> **Source data**:
--*--

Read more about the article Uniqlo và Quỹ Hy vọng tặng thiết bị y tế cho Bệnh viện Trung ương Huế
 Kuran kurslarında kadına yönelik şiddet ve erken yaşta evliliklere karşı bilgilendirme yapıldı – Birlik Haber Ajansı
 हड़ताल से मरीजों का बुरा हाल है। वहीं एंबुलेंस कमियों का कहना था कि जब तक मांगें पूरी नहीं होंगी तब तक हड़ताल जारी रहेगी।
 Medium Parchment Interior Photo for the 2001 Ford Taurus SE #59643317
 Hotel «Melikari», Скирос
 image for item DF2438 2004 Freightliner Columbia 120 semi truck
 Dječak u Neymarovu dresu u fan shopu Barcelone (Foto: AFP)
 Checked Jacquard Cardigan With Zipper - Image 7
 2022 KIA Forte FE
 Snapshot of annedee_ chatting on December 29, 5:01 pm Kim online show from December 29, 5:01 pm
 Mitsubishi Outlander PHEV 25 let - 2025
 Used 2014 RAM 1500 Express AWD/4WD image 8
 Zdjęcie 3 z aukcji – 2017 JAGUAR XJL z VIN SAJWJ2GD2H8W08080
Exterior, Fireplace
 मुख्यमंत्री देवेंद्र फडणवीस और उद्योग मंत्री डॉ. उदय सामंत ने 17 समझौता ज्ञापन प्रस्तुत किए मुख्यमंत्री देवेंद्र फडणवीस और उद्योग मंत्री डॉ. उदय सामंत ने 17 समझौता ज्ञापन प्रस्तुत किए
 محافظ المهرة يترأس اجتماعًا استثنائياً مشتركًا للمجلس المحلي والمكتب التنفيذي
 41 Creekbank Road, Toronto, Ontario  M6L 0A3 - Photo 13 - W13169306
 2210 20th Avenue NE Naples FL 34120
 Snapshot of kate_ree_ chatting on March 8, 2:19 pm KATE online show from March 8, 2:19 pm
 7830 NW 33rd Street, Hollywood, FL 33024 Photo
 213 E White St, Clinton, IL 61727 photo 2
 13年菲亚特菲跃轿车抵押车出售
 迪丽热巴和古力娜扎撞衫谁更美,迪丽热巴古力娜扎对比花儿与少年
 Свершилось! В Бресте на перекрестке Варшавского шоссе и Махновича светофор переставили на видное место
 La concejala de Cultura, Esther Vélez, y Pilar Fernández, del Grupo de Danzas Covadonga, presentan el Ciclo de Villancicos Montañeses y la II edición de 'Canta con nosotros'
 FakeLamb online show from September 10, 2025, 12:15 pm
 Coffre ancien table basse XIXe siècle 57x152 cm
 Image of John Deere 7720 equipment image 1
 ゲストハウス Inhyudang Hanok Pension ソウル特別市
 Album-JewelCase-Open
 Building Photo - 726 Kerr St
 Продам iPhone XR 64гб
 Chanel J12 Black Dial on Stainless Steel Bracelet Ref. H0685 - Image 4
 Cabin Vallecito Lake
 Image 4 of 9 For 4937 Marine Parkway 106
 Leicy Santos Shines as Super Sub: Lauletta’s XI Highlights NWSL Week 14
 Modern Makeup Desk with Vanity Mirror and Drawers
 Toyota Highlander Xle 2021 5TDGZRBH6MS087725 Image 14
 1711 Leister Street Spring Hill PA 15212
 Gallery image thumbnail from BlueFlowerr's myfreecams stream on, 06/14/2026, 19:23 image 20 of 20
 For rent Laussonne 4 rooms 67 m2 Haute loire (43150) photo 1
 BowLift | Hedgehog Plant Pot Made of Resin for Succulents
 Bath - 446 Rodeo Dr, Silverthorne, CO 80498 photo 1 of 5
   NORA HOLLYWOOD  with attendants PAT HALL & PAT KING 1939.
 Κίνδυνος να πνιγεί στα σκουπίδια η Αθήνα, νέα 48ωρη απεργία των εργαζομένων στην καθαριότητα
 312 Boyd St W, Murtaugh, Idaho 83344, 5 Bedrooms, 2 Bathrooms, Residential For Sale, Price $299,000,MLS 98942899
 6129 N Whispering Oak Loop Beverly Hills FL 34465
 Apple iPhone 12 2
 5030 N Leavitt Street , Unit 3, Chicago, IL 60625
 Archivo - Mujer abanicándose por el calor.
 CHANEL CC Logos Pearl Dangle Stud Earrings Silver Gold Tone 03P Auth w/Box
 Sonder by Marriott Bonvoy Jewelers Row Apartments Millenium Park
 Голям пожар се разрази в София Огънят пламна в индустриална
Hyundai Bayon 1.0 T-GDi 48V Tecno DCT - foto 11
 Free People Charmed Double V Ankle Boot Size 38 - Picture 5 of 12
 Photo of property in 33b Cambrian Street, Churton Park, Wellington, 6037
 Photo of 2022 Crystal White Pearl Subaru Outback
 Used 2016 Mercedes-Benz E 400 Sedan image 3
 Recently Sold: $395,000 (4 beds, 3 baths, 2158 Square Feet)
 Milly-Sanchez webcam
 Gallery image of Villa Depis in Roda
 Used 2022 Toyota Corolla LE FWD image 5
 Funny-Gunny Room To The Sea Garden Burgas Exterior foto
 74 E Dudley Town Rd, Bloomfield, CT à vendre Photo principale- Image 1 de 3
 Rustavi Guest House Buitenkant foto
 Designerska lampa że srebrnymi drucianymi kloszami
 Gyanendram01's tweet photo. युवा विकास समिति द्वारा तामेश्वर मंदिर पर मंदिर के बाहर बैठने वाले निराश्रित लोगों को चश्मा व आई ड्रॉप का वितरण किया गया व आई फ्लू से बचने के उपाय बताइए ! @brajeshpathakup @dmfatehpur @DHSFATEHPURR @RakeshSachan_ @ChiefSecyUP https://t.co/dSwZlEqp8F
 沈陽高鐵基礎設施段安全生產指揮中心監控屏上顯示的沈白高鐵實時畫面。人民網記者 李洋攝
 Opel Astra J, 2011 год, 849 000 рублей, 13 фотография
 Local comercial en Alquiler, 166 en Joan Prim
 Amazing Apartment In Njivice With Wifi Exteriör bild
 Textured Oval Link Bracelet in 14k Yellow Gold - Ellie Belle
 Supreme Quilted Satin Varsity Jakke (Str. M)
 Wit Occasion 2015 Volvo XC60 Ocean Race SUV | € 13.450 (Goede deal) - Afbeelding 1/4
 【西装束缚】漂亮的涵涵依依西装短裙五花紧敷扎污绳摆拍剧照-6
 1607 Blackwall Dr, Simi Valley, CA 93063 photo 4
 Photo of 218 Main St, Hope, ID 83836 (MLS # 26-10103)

--*--

> **Task details**: From the first line of the data above through the line containing "Album-JewelCase-Open", repeat each line exactly, and add nothing.

> **Result below**:
Read more about the article Uniqlo và Quỹ Hy vọng tặng thiết bị y tế cho Bệnh viện Trung ương Huế
 Kuran kurslarında kadına yönelik şiddet ve erken yaşta evliliklere karşı bilgilendirme yapıldı – Birlik Haber Ajansı
 हड़ताल से मरीजों का बुरा हाल है। वहीं एंबुलेंस कमियों का कहना था कि जब तक मांगें पूरी नहीं होंगी तब तक हड़ताल जारी रहेगी।
 Medium Parchment Interior Photo for the 2001 Ford Taurus SE #59643317
 Hotel «Melikari», Скирос
 image for item DF2438 2004 Freightliner Columbia 120 semi truck
 Dječak u Neymarovu dresu u fan shopu Barcelone (Foto: AFP)
 Checked Jacquard Cardigan With Zipper - Image 7
 2022 KIA Forte FE
 Snapshot of annedee_ chatting on December 29, 5:01 pm Kim online show from December 29, 5:01 pm
 Mitsubishi Outlander PHEV 25 let - 2025
 Used 2014 RAM 1500 Express AWD/4WD image 8
 Zdjęcie 3 z aukcji – 2017 JAGUAR XJL z VIN SAJWJ2GD2H8W08080
Exterior, Fireplace
 मुख्यमंत्री देवेंद्र फडणवीस और उद्योग मंत्री डॉ. उदय सामंत ने 17 समझौता ज्ञापन प्रस्तुत किए मुख्यमंत्री देवेंद्र फडणवीस और उद्योग मंत्री डॉ. उदय सामंत ने 17 समझौता ज्ञापन प्रस्तुत किए
 محافظ المهرة يترأس اجتماعًا استثنائياً مشتركًا للمجلس المحلي والمكتب التنفيذي
 41 Creekbank Road, Toronto, Ontario  M6L 0A3 - Photo 13 - W13169306
 2210 20th Avenue NE Naples FL 34120
 Snapshot of kate_ree_ chatting on March 8, 2:19 pm KATE online show from March 8, 2:19 pm
 7830 NW 33rd Street, Hollywood, FL 33024 Photo
 213 E White St, Clinton, IL 61727 photo 2
 13年菲亚特菲跃轿车抵押车出售
 迪丽热巴和古力娜扎撞衫谁更美,迪丽热巴古力娜扎对比花儿与少年
 Свершилось! В Бресте на перекрестке Варшавского шоссе и Махновича светофор переставили на видное место
 La concejala de Cultura, Esther Vélez, y Pilar Fernández, del Grupo de Danzas Covadonga, presentan el Ciclo de Villancicos Montañeses y la II edición de 'Canta con nosotros'
 FakeLamb online show from September 10, 2025, 12:15 pm
 Coffre ancien table basse XIXe siècle 57x152 cm
 Image of John Deere 7720 equipment image 1
 ゲストハウス Inhyudang Hanok Pension ソウル特別市
 Album-JewelCase-Open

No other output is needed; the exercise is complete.